The United States plans to test a spacecraft engine powered by nuclear fission in 2027. The United States Space Agency NASA says the project is part of a long-term effort to demonstrate more efficient methods of propelling astronauts to Mars in the future. “NASA will work with the United States military research and development agency, DARPA, to develop a nuclear thermal propulsion engine and launch it into space in 2027,” NASA Administrator Bill Nelson said at a conference at National Harbor , Maryland, Tuesday, January 1. 24. , 2023 .
NASA has for decades studied the concept of nuclear thermal propulsion which introduces the heat of a nuclear fission reactor into a hydrogen propellant to provide propulsion that is thought to be much more efficient than traditional chemical-based rocket engines.
NASA officials consider nuclear thermal propulsion essential for sending humans to places other than the Moon and further out into space. As the engineers note, a trip to Mars from Earth using this technology could take about four months, instead of nine months with conventional chemical engines. That calculation would substantially reduce the time astronauts are exposed to space radiation. It will also require fewer supplies, such as food and other cargo, during a trip to Mars. “If we have faster travel for humans, it’s safer travel,” NASA Deputy Administrator and former astronaut Pam Melroy said on Tuesday, January 24, 2023.
The demonstration scheduled for 2027 is part of the DARPA (United States Agency for Defense Advanced Research Projects) research program in which NASA is now participating. The project could also shed light on the ambitions of the US Space Force, which, according to authorities, envisages deploying a nuclear reactor-powered spacecraft capable of propelling other satellites in near-moon orbits.
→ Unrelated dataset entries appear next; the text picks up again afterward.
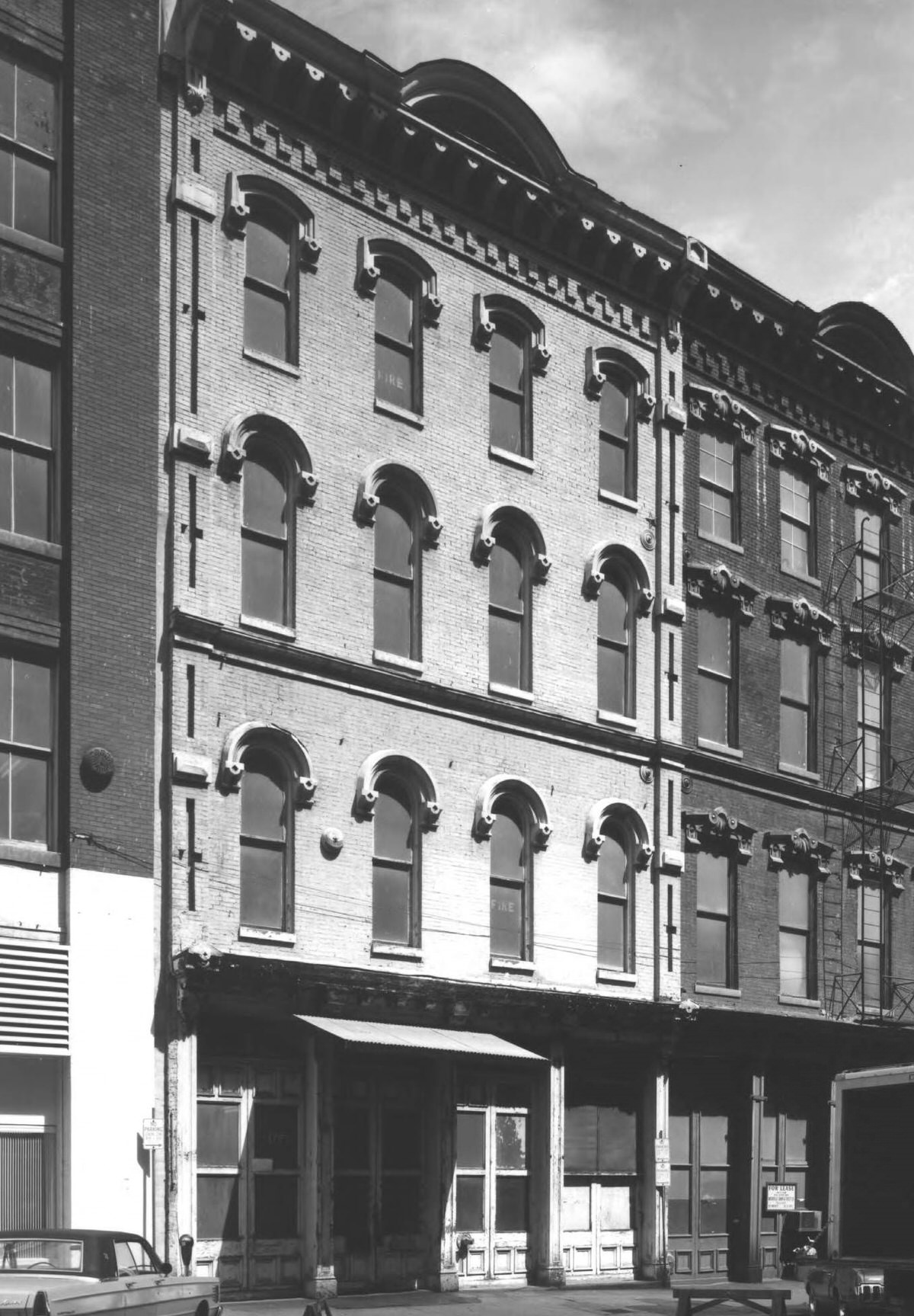 #131 Apartment and storefront on Second Avenue, 1970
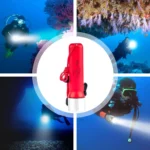 Torche Sous Marine Professional Flashlight - Waterproof - Rouge – Image 4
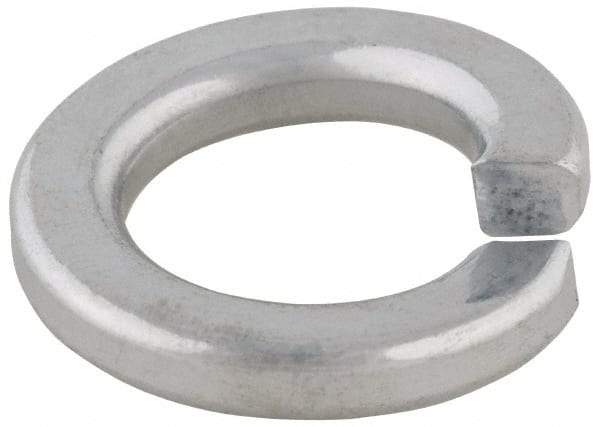 Made in USA - 9/16", 0.187" Thick Split Lock Washer - Alloy Steel, Uncoated, 0.57" Min ID, 0.587" Max ID, 0.981" Max OD - Exact Tool & Supply
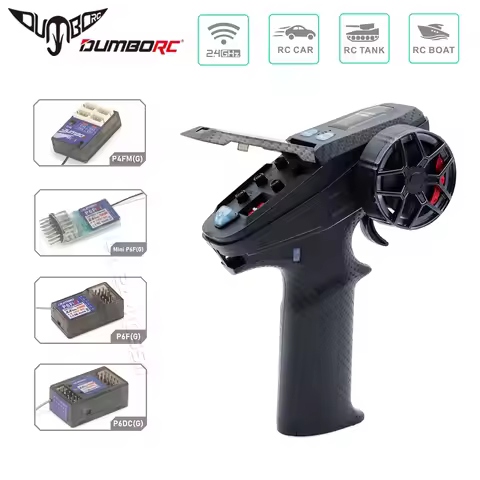 DUMBORC X6PM-350 6CH 2.4G Mini Transmitter 4.8-12V with Gyro Receiver P4FMG/P6FG/P6DCG Radio System 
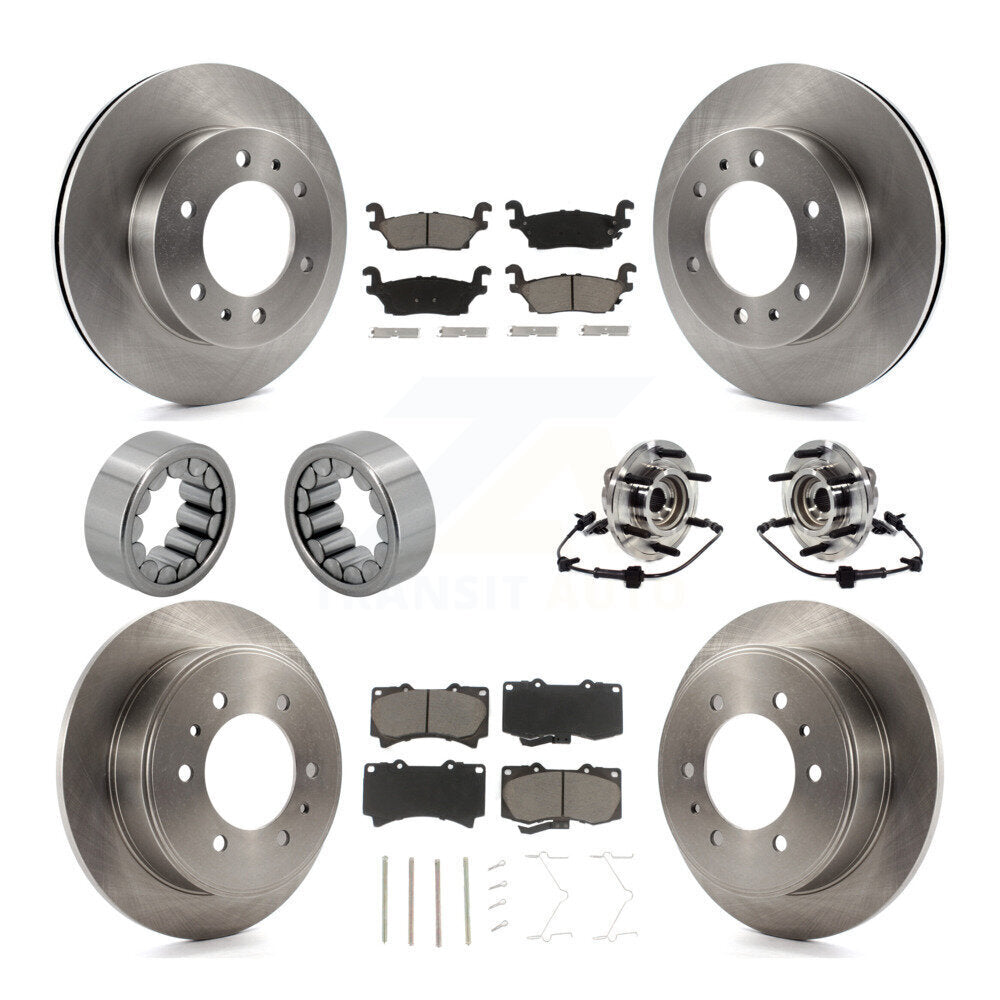 Kit de patins et rotors de frein à disque, roulement de moyeu avant et arrière (10 pièces) pour Hummer H3T H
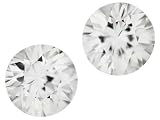 MIN 2.50CTW 6MM ROUND WHITE ZIRCON SET OF 2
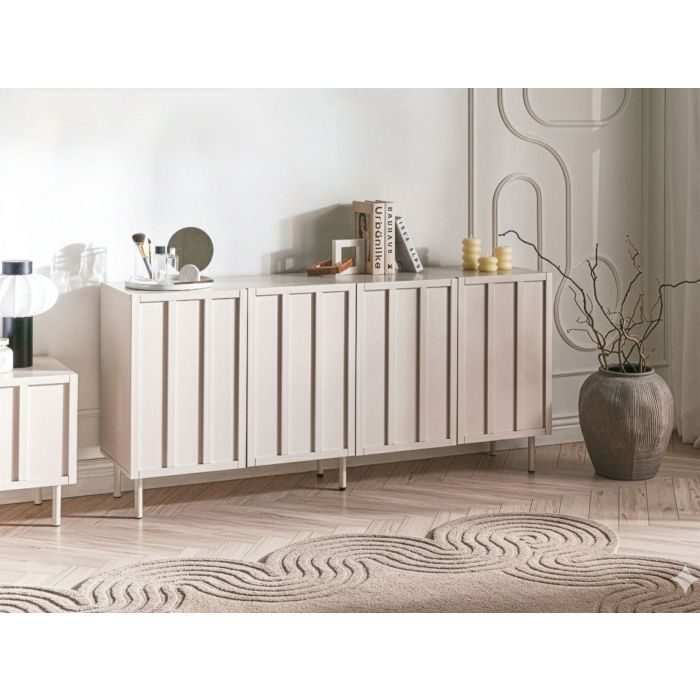 BOQARO 4 Door Sideboard - Beige
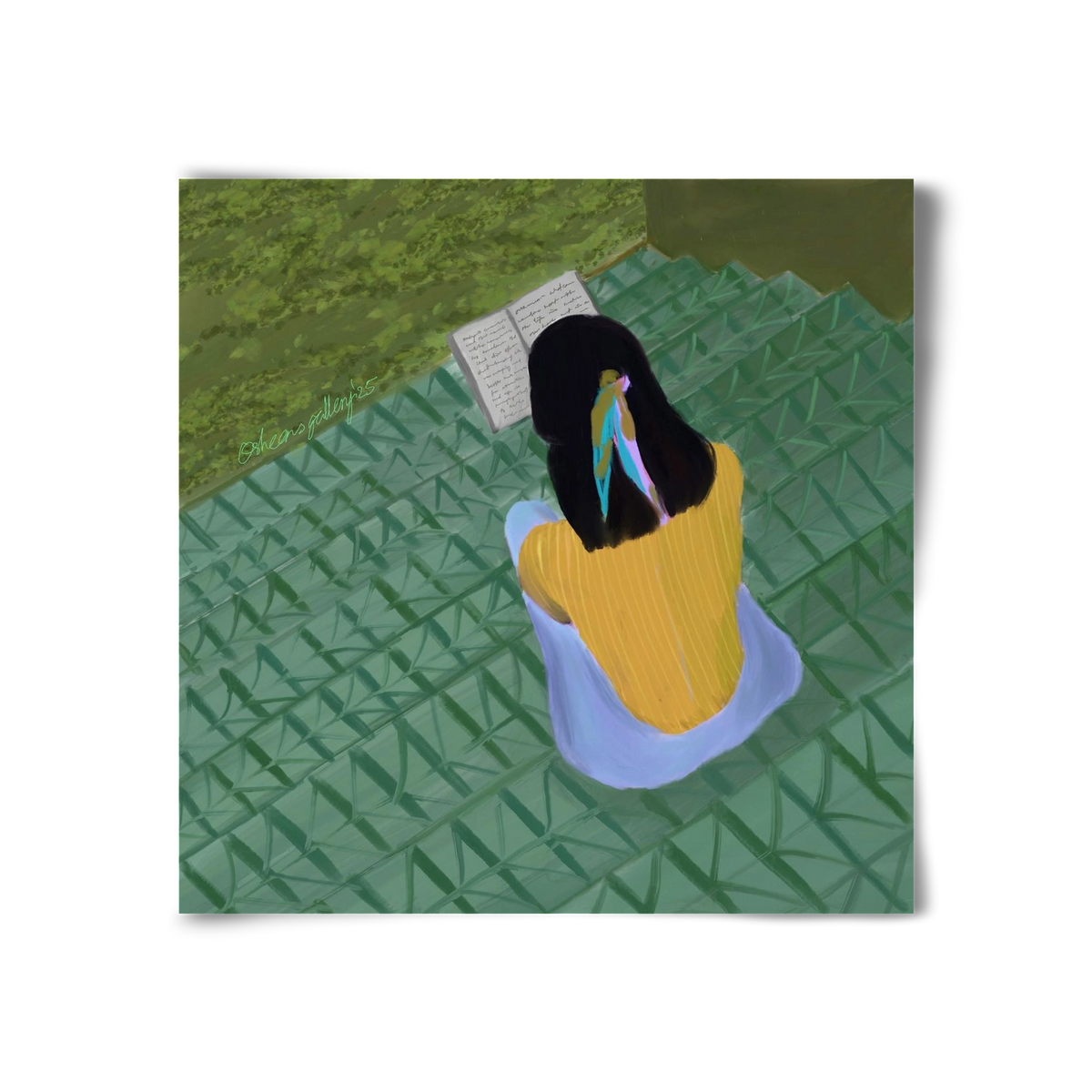 PEACE IN GREEN, 30x30 cm, Keret nélkül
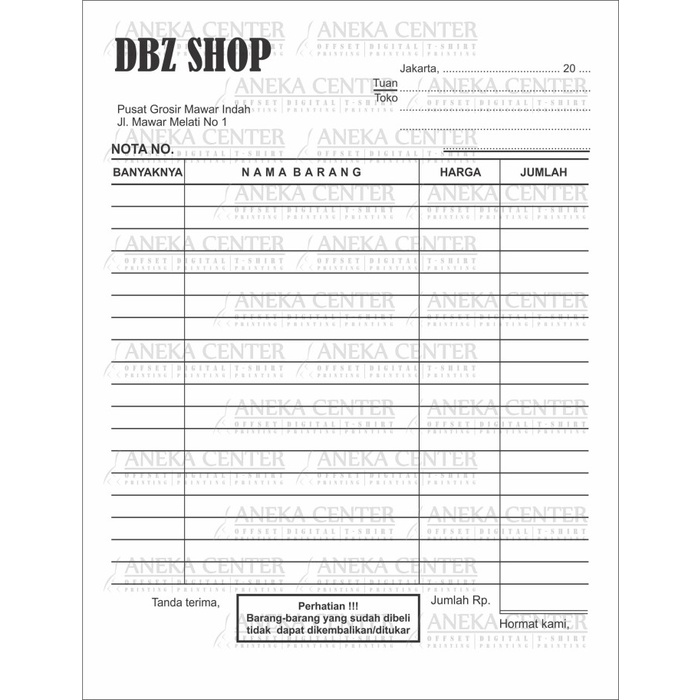 

✨BISA COD✨ -Cetak Nota Custom (Sesuai Permintaan Jumlah Banyak)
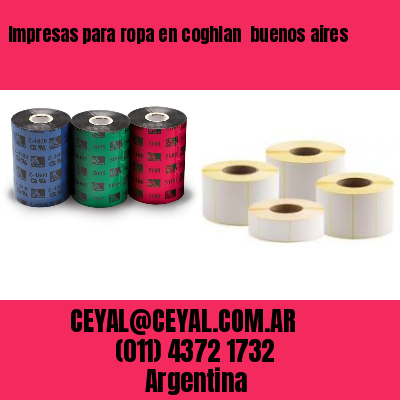 Impresas para ropa en coghlan  buenos aires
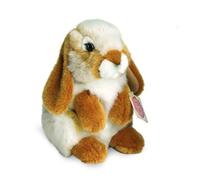 Zenzero che Sta Seduto Coniglio,Da Teddy Hermann - Morbido Peluche Giocattolo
DARPA in 2021 is funding General Atomics, aerospace company Lockheed Martin and Blue Origin to study nuclear reactor and spacecraft designs. Program manager Tabitha Dodson in an interview said around March 2022, the agency will select a company to build a nuclear spacecraft for the 2027 demonstration.
The joint budget of the NASA-DARPA effort is $110 million for fiscal year 2023 and is expected to be in the hundreds of millions of dollars more through 2027.